There are lots of options for Birth control. Your doctor can help narrow the selection since not all methods of birth control are right for every woman.
Birth control pills, for example, are not an acceptable choice if you smoke or have a history of blood clots. You also must remember to take them every day.
Condoms are an excellent choice for protecting your health. But the CDC notes that, annually, 18 of every 100 women in the United States who rely on condoms for birth control end up pregnant.
The intrauterine device (IUD) is very convenient and easy to use. Once in place, you don’t have to think about it or remember anything, and it’s gaining in popularity as a long acting-acting birth control option. Learn a few facts about the IUD before you take a pass on this safe and effective method of birth control.
Myth: IUDs can cause pelvic inflammatory disease (PID) and infertility
Fact: the Dalkon Shield was on the market back in the early 1970s and it did cause infections and a host of other, sometimes tragic, medical concerns for many women. That IUD was banned from use more than 40 years ago.
Today’s IUDs are one of the safest methods of birth control available, and they have very few side effects.
Myth: IUDs are uncomfortable
Fact: For some women, insertion of an IUD is momentarily uncomfortable. You might experience slight cramping now and then for a couple of days afterward, much like mild period cramps, along with spotty bleeding.
After that, however, it may be hard to remember you have an IUD. And many women with IUDs in place experience lighter bleeding during their periods and milder menstrual cramps.
Myth: You can get pregnant with an IUD
Fact: Anything is possible, but the risk of getting pregnant with an IUD is less than 1%. Permanent sterilization is the only method that beats the IUD in efficacy.

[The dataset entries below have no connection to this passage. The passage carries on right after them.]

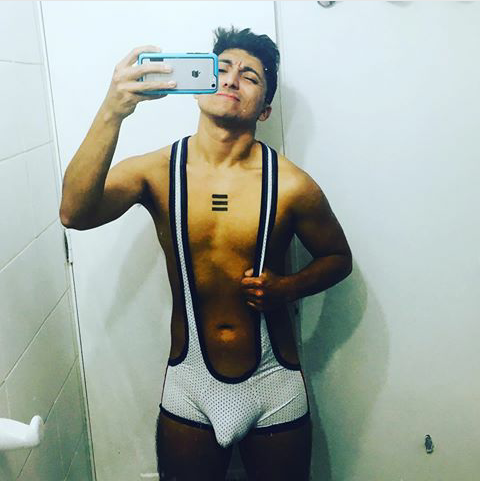 HOT-SEXY-GUY-PIC'S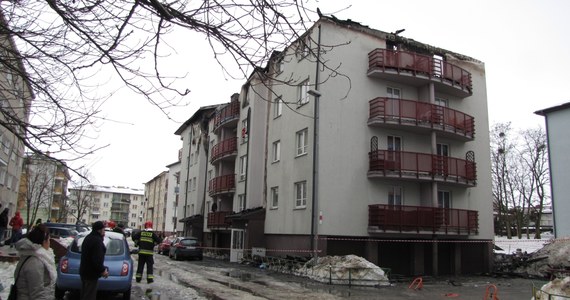 Budynek przy ul. Sierpowej w Szczecinie w którym dziś w nocy niemal doszczętnie spłonęło 9 mieszkań, zapalił się od fajerwerków - tak twierdzą okoliczni mieszkańcy, naoczni świadkowie pożaru. Straty mogłyby być dużo mniejsze gdyby straż pożarna mogła bez problemu dojechać do budynku.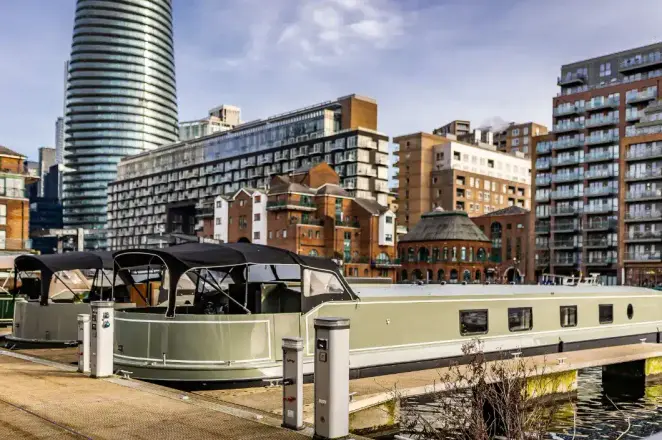 Waterspace Living 70` Future order Greenwich 70 at Limehouse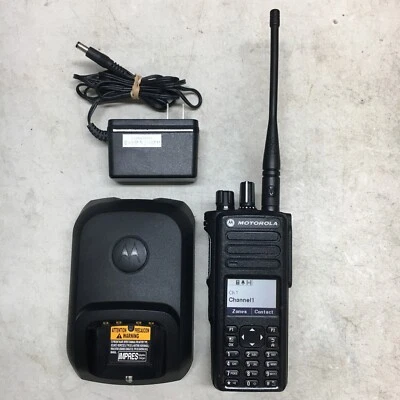 Motorola XPR7550e UHF radio AAH56RDN9RA1AN CPS 16 Firm R02.09 - Image 1 of 4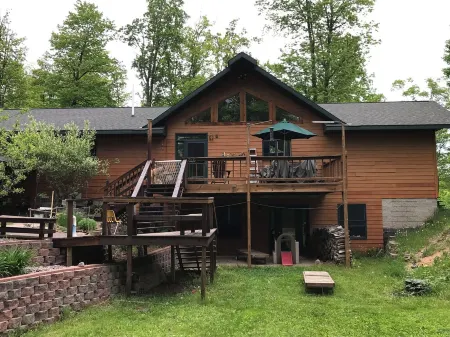 Secluded beautiful home (rental of half of our home) 12 miles from Marquette, MI Отели в г. Негауни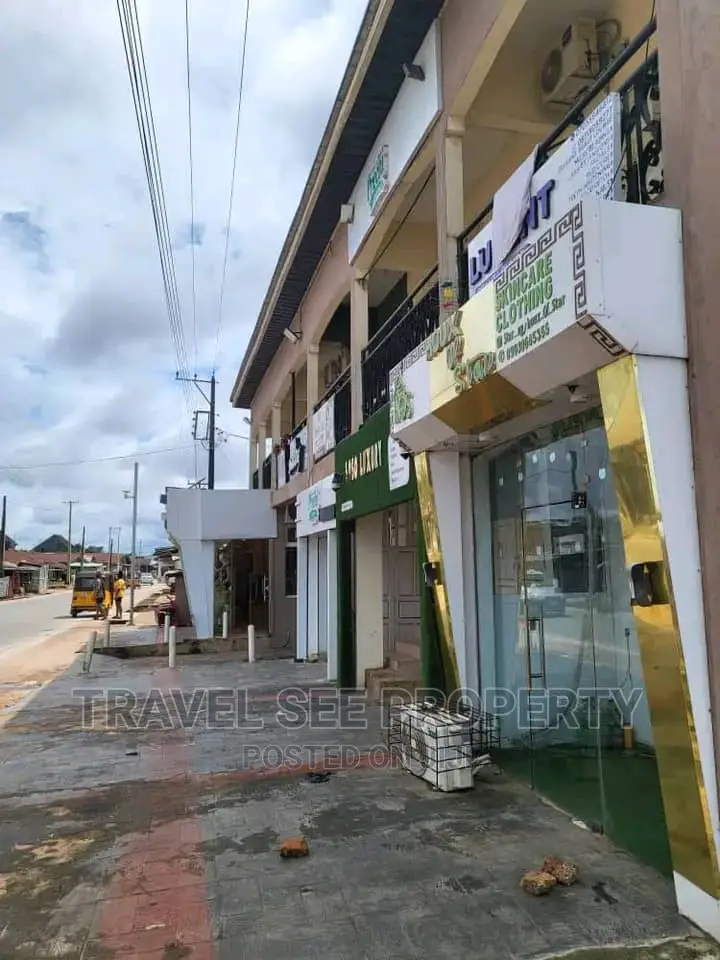 Shops Apartment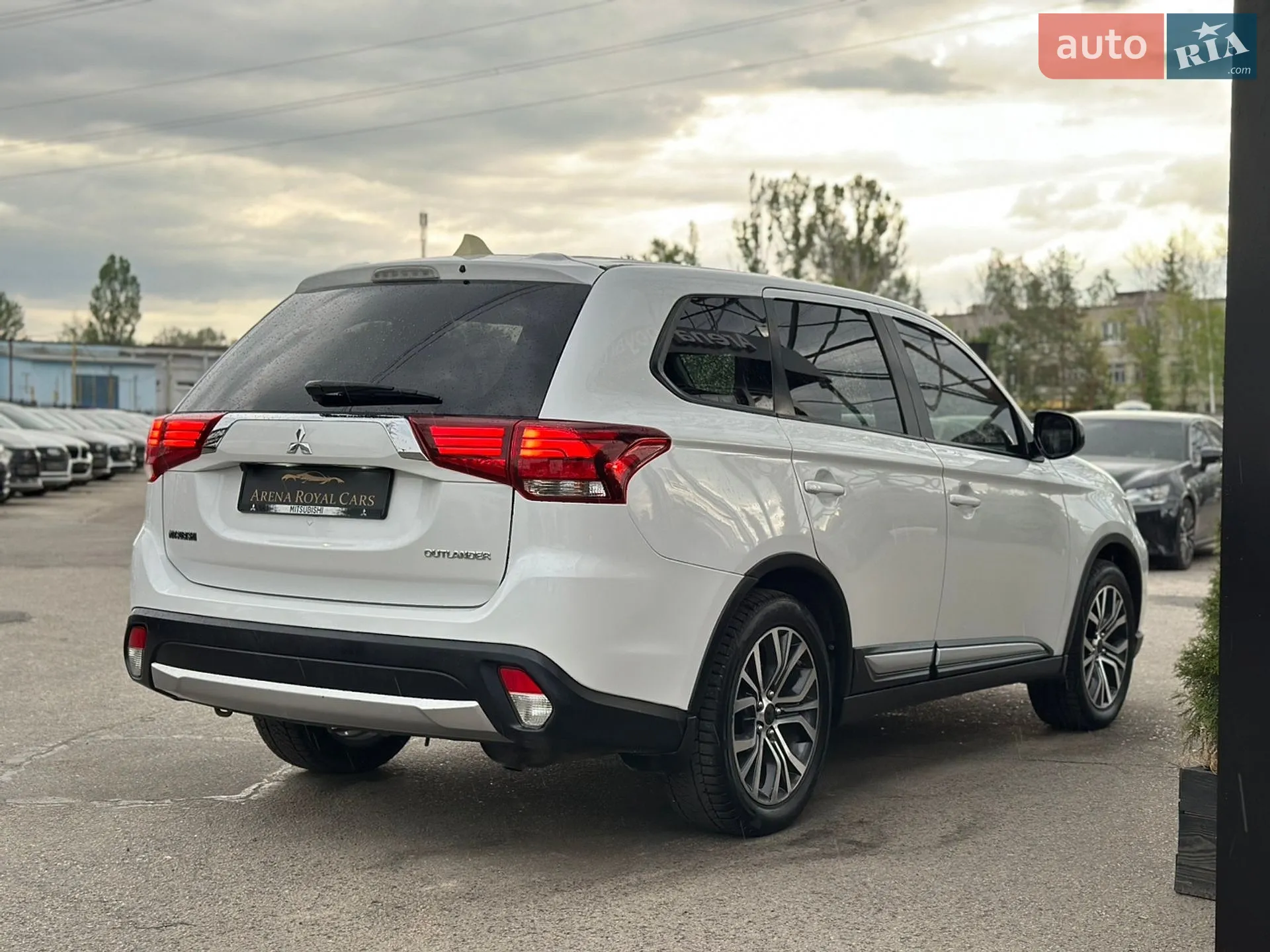 2016 Mitsubishi Outlander - мініатюра 10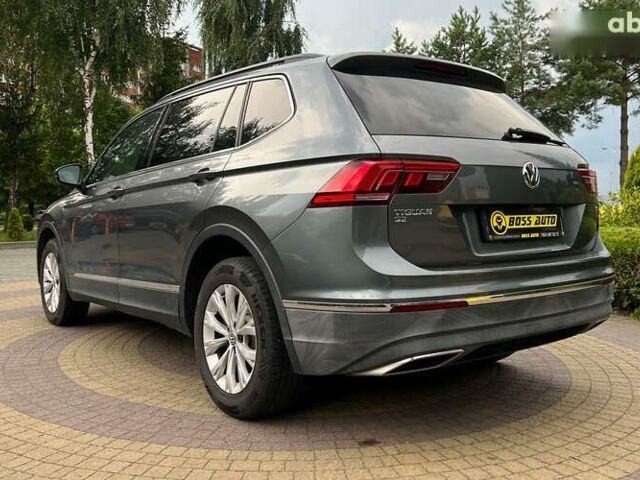 Фольксваген Тігуан, об'ємом двигуна 2 л та пробігом 135 тис. км за 19200 $, фото 4 на Automoto.ua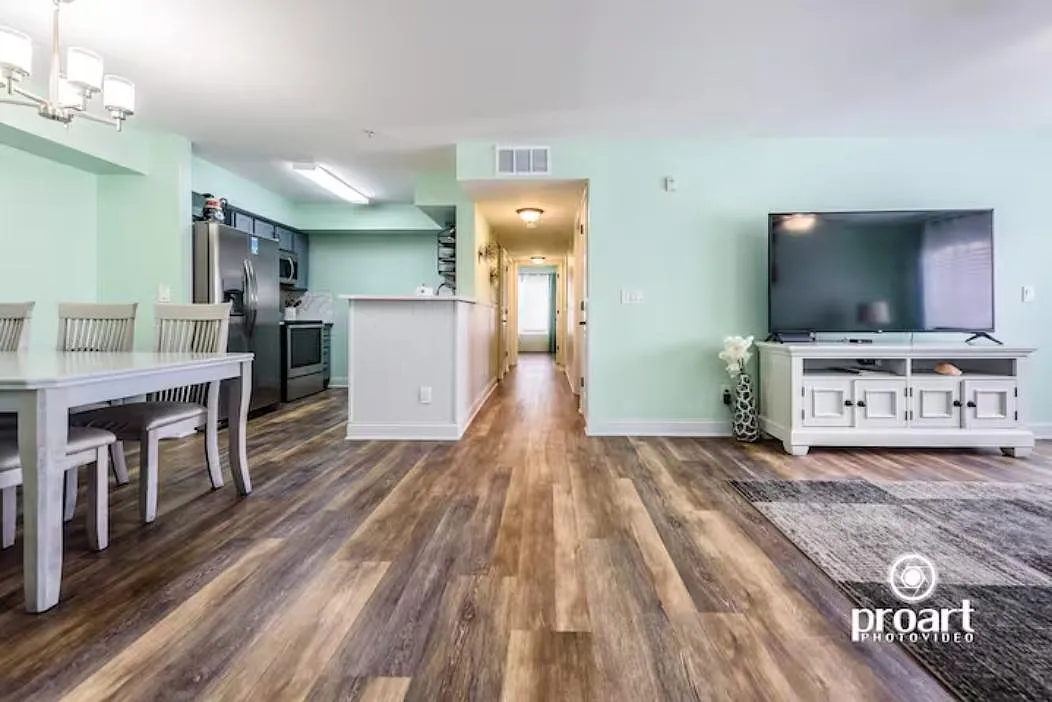 3 bed, 1254 sqft, $2,150 — Photo 1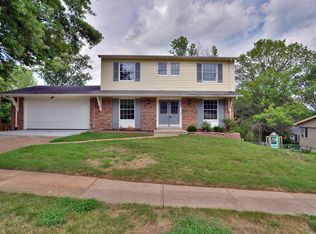 2969 Piney Pointe Dr, Saint Louis, MO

Depending on the type you choose, an IUD can provide safe, consistent, and effective birth control for 3-12 years. When you decide you want to become pregnant or want to switch to another birth control option, an IUD is simple to remove.
If an IUD isn’t for you, there are a myriad of other safe and effective birth control options available.
- Hormonal implants, which are long-acting and reversible contraceptives inserted just under the skin, usually in your arm
- Short-acting hormonal medications, including the pill, patch, shot, or vaginal ring
- Barrier methods such as a condom, diaphragm, or sponge, which you must use every time you have sex and are often much less effective than other methods of birth control
Tubal Ligation-When you are sure that you do not want any more children and you desire permanent sterility, we can perform a tubal ligation which is virtually 100% effective.